[DATA UNDER STUDY]

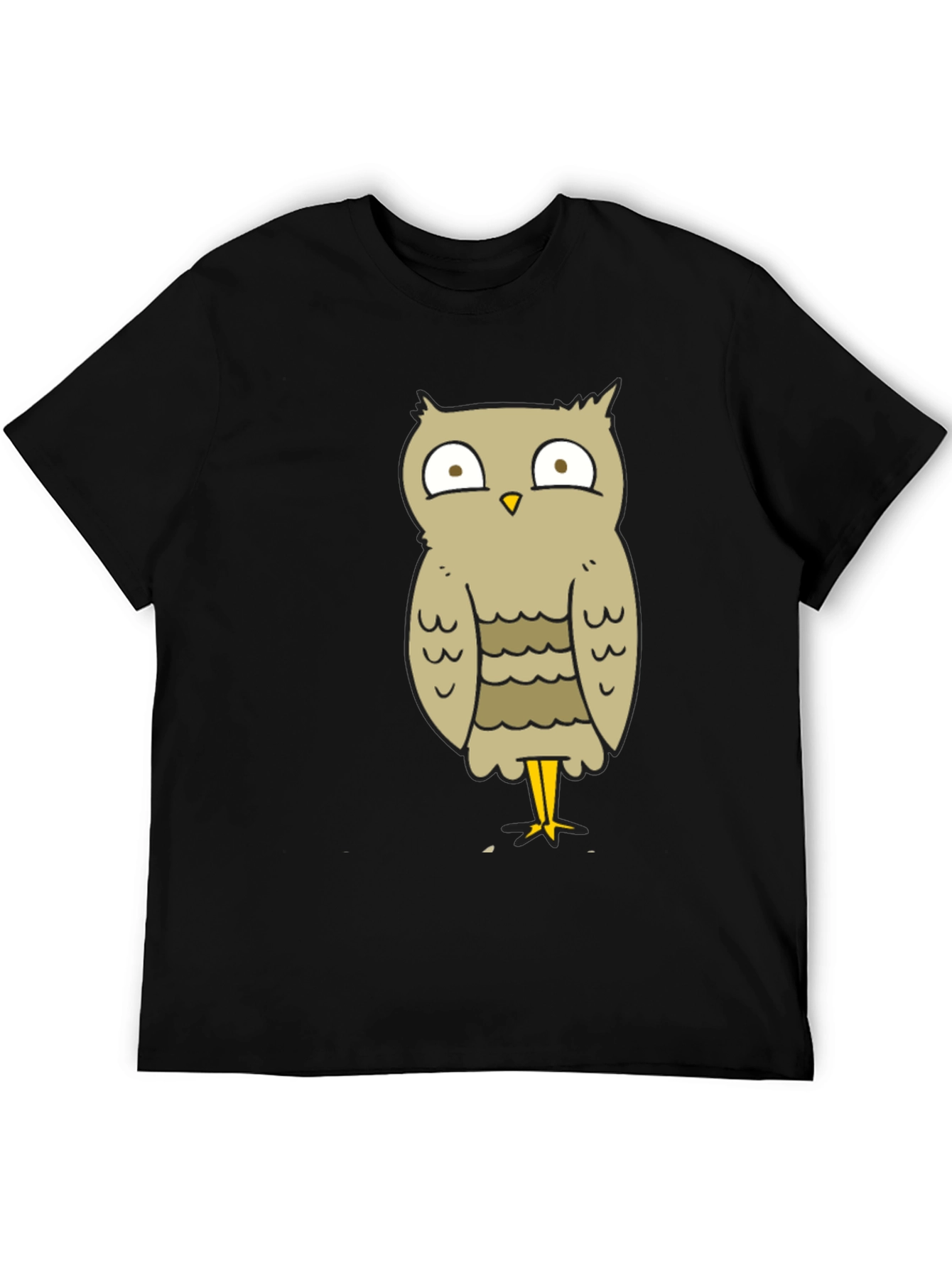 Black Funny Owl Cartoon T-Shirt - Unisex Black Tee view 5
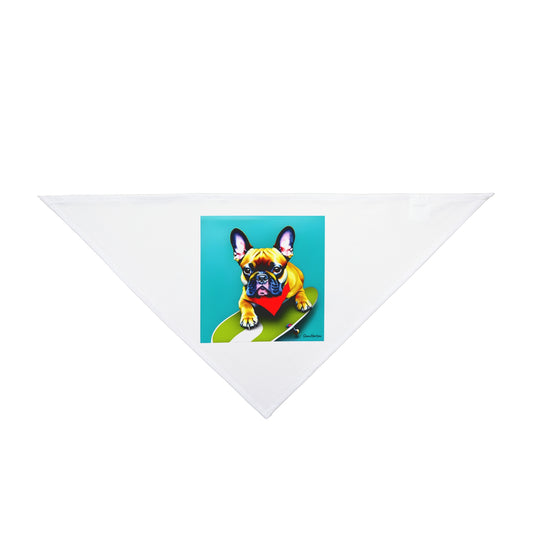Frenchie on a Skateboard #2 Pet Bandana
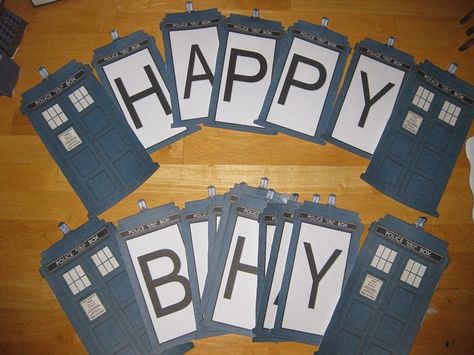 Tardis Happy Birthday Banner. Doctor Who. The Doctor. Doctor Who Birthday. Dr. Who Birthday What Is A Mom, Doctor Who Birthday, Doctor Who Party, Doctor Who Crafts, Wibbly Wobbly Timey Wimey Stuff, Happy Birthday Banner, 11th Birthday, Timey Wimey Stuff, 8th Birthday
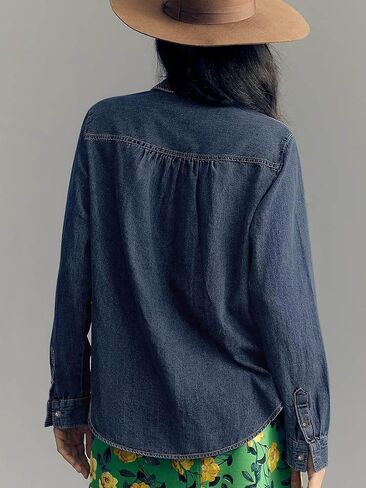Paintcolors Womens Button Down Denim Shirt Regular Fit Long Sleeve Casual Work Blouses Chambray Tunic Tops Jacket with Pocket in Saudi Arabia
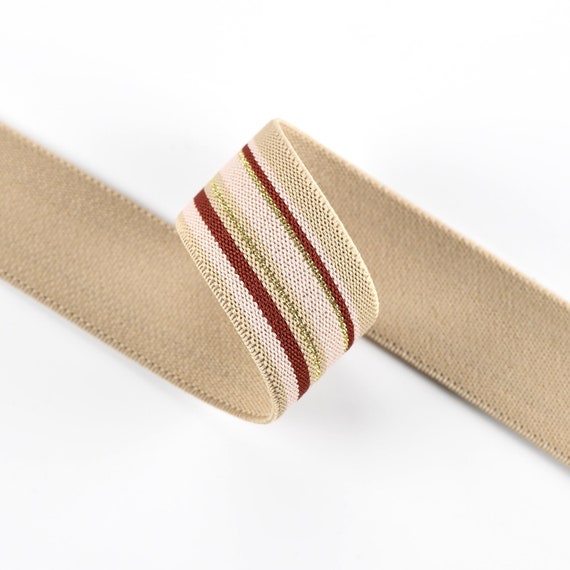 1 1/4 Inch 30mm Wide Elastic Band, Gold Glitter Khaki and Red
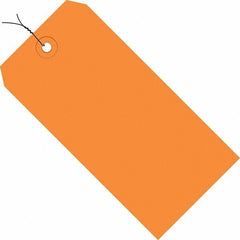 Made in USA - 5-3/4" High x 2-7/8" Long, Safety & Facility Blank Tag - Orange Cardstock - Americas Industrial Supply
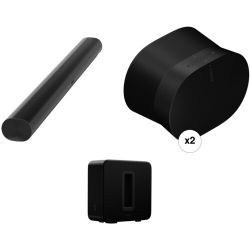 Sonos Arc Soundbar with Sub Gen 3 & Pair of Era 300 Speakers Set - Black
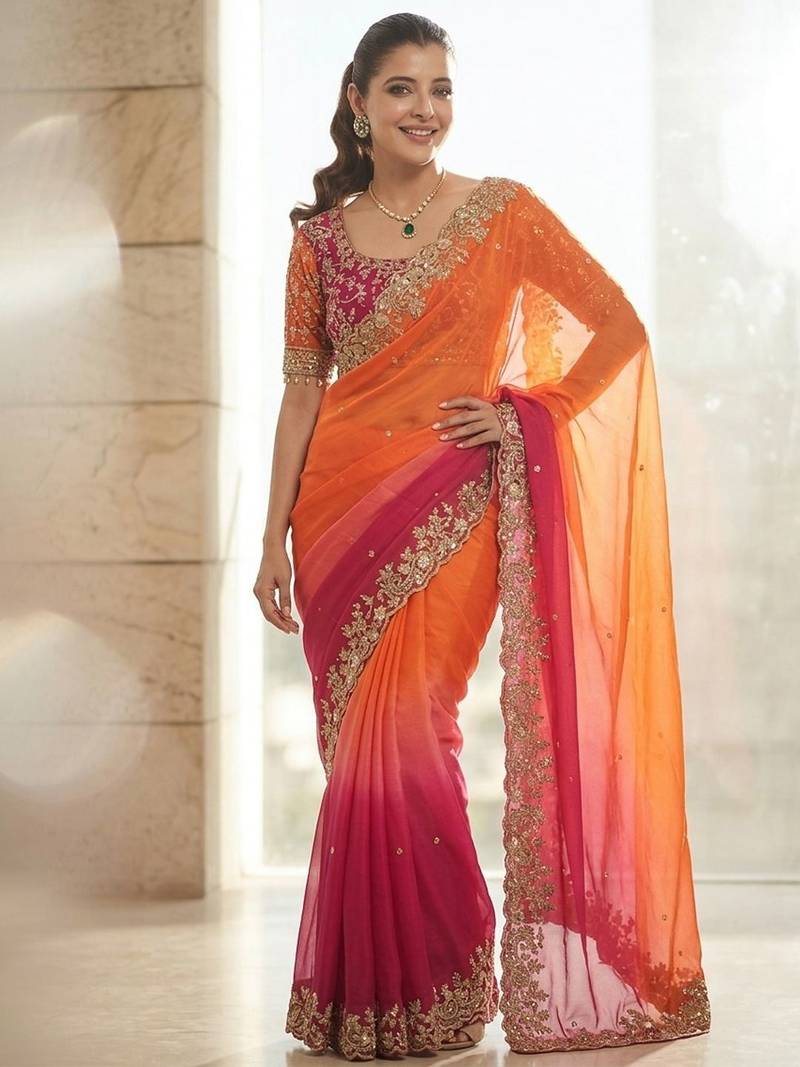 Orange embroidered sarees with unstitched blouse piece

[/DATA UNDER STUDY]
[DATA UNDER STUDY]

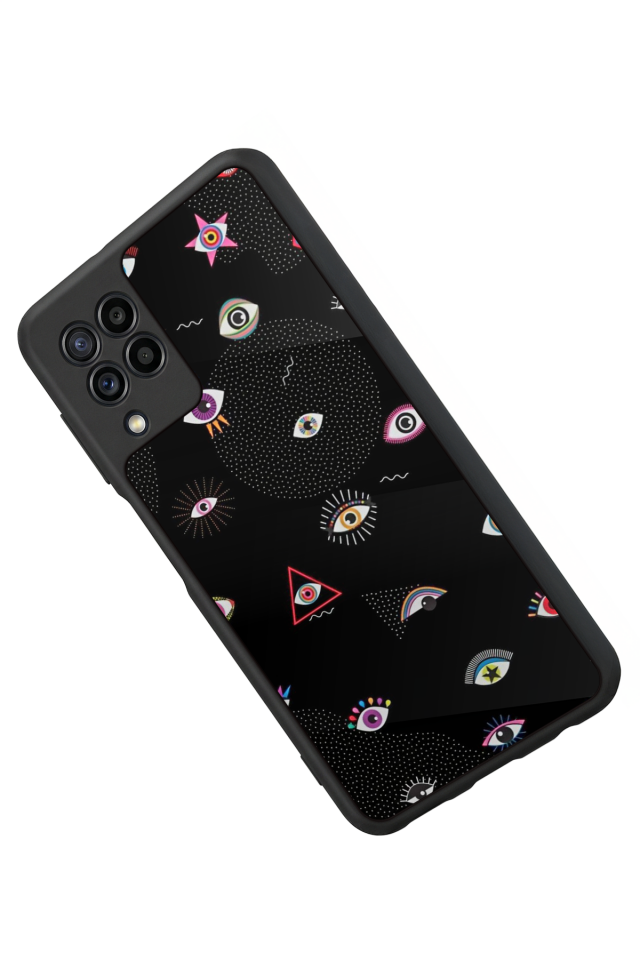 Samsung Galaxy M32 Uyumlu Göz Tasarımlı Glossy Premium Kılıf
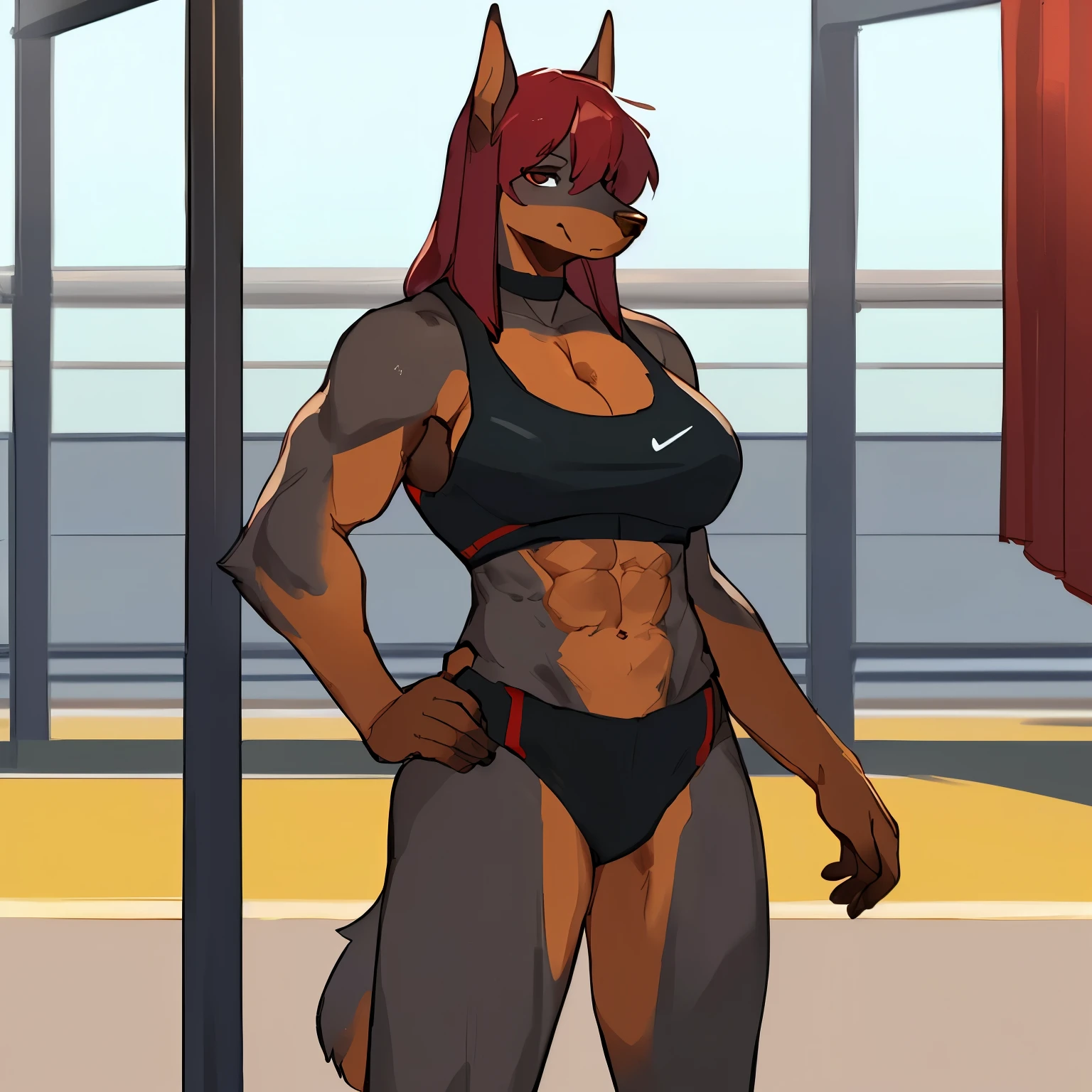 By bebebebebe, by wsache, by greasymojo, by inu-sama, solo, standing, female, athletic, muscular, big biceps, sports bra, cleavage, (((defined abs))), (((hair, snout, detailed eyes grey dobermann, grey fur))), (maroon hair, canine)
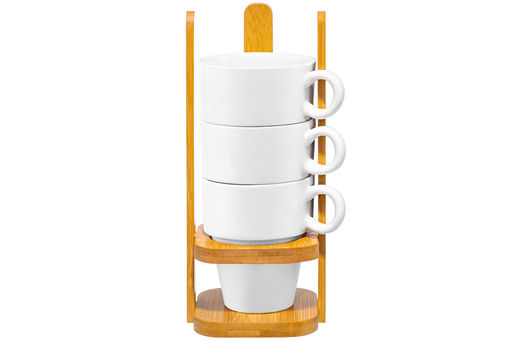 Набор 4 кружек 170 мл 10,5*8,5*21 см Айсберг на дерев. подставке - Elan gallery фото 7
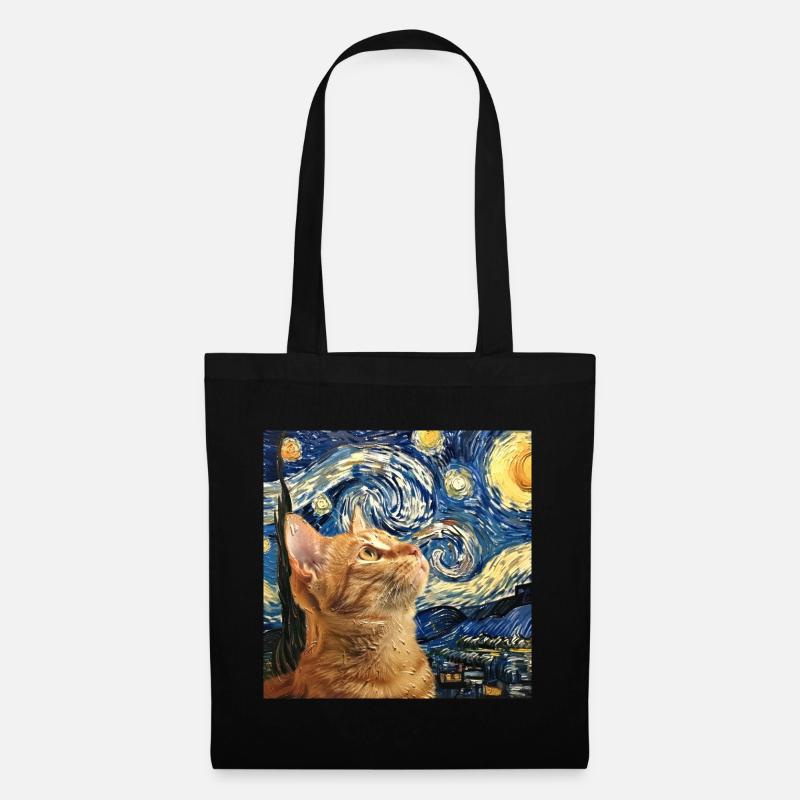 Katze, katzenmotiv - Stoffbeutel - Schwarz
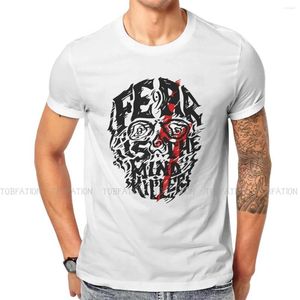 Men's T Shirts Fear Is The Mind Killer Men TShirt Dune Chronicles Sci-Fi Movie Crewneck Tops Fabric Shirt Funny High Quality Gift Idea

[/DATA UNDER STUDY]
[DATA UNDER STUDY]

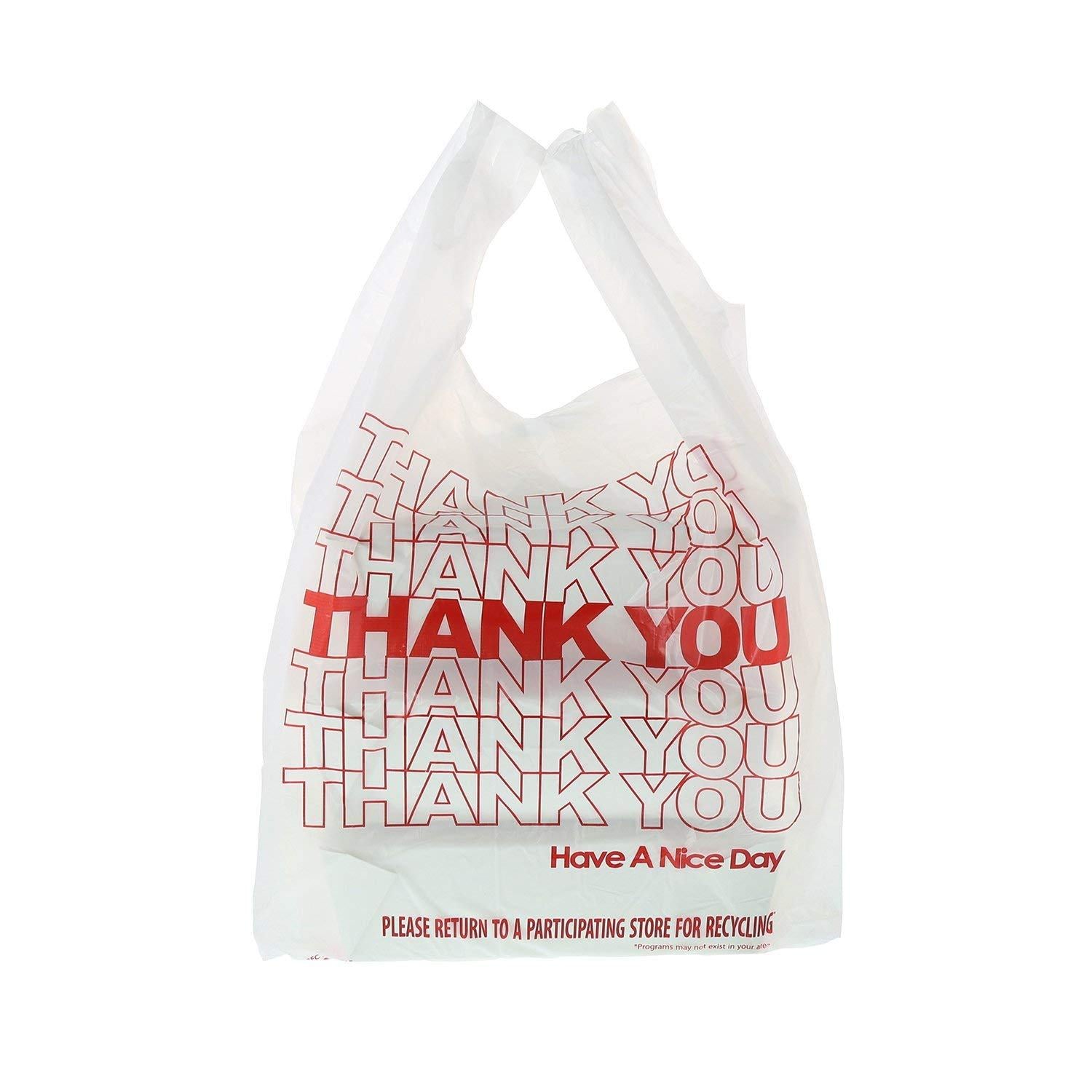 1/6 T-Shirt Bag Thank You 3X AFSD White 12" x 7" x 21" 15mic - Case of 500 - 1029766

[/DATA UNDER STUDY]

§ **YOUR GOAL**
Restate word for word every line from the one with "Paintcolors Womens Button" up to and including the one with "Orange embroidered sarees" in the records above, minus the pictures.

§ **ANSWER TO THIS TASK**
Paintcolors Womens Button Down Denim Shirt Regular Fit Long Sleeve Casual Work Blouses Chambray Tunic Tops Jacket with Pocket in Saudi Arabia
 1 1/4 Inch 30mm Wide Elastic Band, Gold Glitter Khaki and Red
 Made in USA - 5-3/4" High x 2-7/8" Long, Safety & Facility Blank Tag - Orange Cardstock - Americas Industrial Supply
 Sonos Arc Soundbar with Sub Gen 3 & Pair of Era 300 Speakers Set - Black
 Orange embroidered sarees with unstitched blouse piece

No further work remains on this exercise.